A title, “One hour later,” introduces the main stretch of the film, which corresponds more closely with the play’s action. Inspector Killian arrives and sizes up the suspects. Most of the play’s clues emerge, with suspicion scattered around freely.

Like the play, the film is built around blackouts showing off the wandering ring, but now these are motivated as reenactments of the crime. Killian puts Porter in Donovan’s seat, and in the darkness he becomes the second victim. After more intrigue, Killian demands another go-round, and this time the killer is exposed.

The film’s blackout scenes run 36 seconds, 42 seconds, and about 100 seconds for the climax. This last scene varies the treatment by showing some silhouettes.

     

These scenes feel surprisingly protracted: 30 seconds is a long time on the screen. Likely there would have been dialogue and sound effects, as there are in the play’s blackout intervals.

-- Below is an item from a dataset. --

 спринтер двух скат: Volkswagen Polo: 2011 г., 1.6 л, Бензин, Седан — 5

Here’s the paragraph with the spoiler. In both play and film, the butler Nelson is revealed as the murderer. (At this point in history, having hired help commit the crime wasn’t yet out of bounds.) Nelson is in love with Mary, whom Donovan has seduced. The film hints at this in a way that the play doesn’t. Mary is introduced early as Donovan’s mistress, Nelson seems to have eyes for her, and during a test to see if any woman’s handwriting matches that on a telltale letter, he lingers solicitously over Mary.

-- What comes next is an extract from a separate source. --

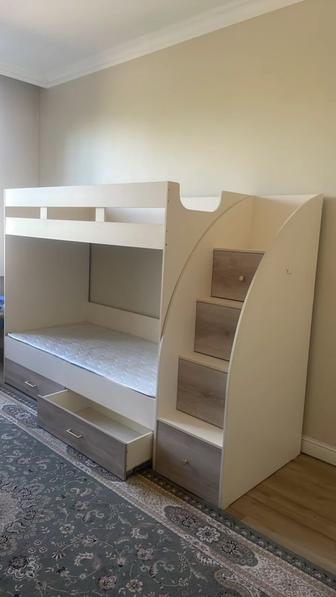 Детская кровать двухъярусная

Variety praised Capra’s film as well-constructed and surprisingly funny, chiefly because of a whimsical old couple added to the ensemble. Capra claims that The Donovan Affair taught him to add doses of comedy as much as possible: “Comedy in all things.” Actually, though, Owen Davis claimed that he was teasing the genre in his original. “The Donovan Affair was, naturally, a success, although I am, I think, the only one who knows that it was as deliberate a burlesque as The Haunted House had been.”

 

Opening up the proscenium

A posed shot of the multiple-camera teams for Sunny (1930).

In his autobiography Capra regarded The Donovan Affair as a turning point in his career. While complaining about the constraints on sound cameras, he regarded the film as “the beginning of a true understanding of the skills of my craft: how to make the mechanics—lighting, microphone, camera—serve and be subject to the actors.” To my way of thinking, what he did within the confines of early talkies was inject some of the pictorial fluidity and impact on display in the silent cinema. The Donovan Affair is a lot less pictorially stilted than most of the 1929 American films I’ve seen.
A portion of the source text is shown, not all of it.